Bankruptcy and Your Credit Score

Bankruptcy and Your Credit Score
Bankruptcy and Your Credit Score
There’s no way around it: a bankruptcy will unavoidably negatively impact your credit scores. However, there are a number of factors that will affect just how severe the effect is on your score, some of them unexpected. While there is no straightforward formula regarding how many points any one person will lose in a bankruptcy, there are a few factors that can help you make a healthy guess.

A few things to consider:

How High Was Your Score Before?

Ironically, someone with a higher FICO score will see a bigger drop as the result of a bankruptcy than someone with a lower score. In a mock scenario released by FICO in 2010, they compared two hypothetical scenarios: one person with a 780 and one person with a 680, both of whom file for bankruptcy. The person with the higher score lost 240 points while the person with the lower score lost only 150, leaving them both with scores in the mid 500s.

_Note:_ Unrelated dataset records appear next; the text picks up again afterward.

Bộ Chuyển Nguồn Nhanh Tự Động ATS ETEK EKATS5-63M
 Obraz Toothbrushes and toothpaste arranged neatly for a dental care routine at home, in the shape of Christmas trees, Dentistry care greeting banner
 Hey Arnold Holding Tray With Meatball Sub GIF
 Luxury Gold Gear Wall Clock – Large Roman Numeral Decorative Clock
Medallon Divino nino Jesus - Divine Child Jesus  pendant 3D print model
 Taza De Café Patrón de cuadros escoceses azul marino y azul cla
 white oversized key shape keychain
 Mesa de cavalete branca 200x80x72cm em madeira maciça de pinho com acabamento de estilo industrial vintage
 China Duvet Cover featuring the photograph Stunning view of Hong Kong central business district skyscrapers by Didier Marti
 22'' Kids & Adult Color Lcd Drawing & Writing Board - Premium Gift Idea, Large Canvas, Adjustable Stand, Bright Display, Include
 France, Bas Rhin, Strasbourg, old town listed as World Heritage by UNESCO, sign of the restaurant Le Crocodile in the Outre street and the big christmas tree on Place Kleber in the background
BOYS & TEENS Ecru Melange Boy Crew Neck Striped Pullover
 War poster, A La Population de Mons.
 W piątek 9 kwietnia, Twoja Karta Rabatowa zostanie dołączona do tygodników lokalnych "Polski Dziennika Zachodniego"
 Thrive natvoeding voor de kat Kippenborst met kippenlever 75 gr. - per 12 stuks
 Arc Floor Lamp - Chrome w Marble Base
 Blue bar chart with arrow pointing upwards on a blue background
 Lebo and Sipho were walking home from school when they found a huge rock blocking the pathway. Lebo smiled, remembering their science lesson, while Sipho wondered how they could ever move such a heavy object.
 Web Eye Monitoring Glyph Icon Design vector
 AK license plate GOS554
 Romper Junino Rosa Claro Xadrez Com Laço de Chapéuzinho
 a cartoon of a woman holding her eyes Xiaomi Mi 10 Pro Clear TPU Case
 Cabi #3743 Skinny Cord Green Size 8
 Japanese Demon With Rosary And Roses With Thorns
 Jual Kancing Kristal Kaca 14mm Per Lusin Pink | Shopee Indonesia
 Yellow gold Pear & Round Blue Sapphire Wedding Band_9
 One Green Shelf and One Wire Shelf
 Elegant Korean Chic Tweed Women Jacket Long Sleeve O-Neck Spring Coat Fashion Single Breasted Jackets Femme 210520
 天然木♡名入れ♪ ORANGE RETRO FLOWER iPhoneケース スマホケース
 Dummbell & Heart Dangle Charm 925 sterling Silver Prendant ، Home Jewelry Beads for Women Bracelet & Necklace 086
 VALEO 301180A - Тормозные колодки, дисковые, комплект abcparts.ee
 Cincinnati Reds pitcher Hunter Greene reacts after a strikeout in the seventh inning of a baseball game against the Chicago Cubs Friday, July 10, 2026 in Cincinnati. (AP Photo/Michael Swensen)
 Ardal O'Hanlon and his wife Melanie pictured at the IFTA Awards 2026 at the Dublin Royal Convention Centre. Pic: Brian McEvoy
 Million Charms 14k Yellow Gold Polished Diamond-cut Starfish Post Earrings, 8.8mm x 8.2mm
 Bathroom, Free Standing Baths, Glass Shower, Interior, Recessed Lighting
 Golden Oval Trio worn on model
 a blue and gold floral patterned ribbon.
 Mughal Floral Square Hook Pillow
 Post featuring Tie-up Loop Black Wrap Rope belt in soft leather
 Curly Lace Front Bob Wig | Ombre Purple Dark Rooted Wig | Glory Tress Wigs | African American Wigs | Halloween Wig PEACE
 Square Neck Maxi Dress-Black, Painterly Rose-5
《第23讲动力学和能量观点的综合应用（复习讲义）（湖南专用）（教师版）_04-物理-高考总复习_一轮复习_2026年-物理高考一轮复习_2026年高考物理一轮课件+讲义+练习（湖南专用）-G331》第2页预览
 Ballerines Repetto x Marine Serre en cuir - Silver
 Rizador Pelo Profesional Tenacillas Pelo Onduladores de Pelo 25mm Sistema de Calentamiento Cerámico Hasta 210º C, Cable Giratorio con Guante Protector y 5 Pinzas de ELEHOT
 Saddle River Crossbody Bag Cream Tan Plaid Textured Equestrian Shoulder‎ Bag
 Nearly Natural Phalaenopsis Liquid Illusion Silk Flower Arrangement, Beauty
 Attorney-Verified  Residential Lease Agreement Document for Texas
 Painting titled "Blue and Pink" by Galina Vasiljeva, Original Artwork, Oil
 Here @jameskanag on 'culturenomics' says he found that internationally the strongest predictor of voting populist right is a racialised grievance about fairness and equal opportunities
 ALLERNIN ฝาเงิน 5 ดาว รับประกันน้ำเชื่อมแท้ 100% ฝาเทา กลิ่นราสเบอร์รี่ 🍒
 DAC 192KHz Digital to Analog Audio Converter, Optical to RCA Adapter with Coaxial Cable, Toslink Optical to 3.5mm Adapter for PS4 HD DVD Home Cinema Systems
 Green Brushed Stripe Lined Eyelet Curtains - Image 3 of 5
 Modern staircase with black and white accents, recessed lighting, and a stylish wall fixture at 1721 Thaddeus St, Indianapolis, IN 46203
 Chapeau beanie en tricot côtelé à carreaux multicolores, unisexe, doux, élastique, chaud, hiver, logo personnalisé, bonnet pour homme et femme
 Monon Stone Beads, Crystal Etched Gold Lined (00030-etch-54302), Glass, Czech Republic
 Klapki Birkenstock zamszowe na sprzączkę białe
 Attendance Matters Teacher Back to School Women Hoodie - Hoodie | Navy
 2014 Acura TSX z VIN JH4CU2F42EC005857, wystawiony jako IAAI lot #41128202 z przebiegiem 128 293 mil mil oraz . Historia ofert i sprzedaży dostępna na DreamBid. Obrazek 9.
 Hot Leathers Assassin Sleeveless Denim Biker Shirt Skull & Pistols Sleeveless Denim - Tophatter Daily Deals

However, bankruptcy usually occurs after a long stretch of failing to pay bills on time, so, it is likely that late payments already negatively affected your score by the time that you file.

How Many Accounts Are Involved?

The more accounts that are included in your bankruptcy, the larger the effect on your credit score. The discharged debts each count as a negative filing. However, these will drop off your credit record seven years after filing, so, your credit rating will start to improve even before the bankruptcy is gone from your credit records.

How Long Ago Was the Bankruptcy?

A Chapter 13 bankruptcy filing stays on your credit record for seven years, while a Chapter 7 bankruptcy stays for 10. The longer it has been since you filed and the more responsible you have been in the interceding time, the less your bankruptcy will depress your credit score.

Rebuilding After Bankruptcy

After a bankruptcy, you can rebuild your credit and achieve goals that include a home purchase. Some methods to use during your credit repair journey to improve your score:

  • Review your credit reports. Make sure that all debts that were discharged in the bankruptcy are reflected accurately. As many as 79% of all credit reports have at least one error, so, it is worth it to check.
  • Pay every bill on time. Late payments can snowball and destroy your credit over time. Try automating payments so you never forget one.
  • Look for a secured credit card. Cautiously add revolving loans so that you can show creditors that you can be trusted with credit.
  • Use cards sparingly but regularly. Build up a regular habit of responsible use. One good way to do this is to charge a small, regular bill like a gym membership to your card and pay it off in full each month.
  • Do not close old credit card accounts. If you have any credit card accounts from before your bankruptcy, keep them open. The age of your credit accounts is a factor in your credit score, and the older your accounts, the better.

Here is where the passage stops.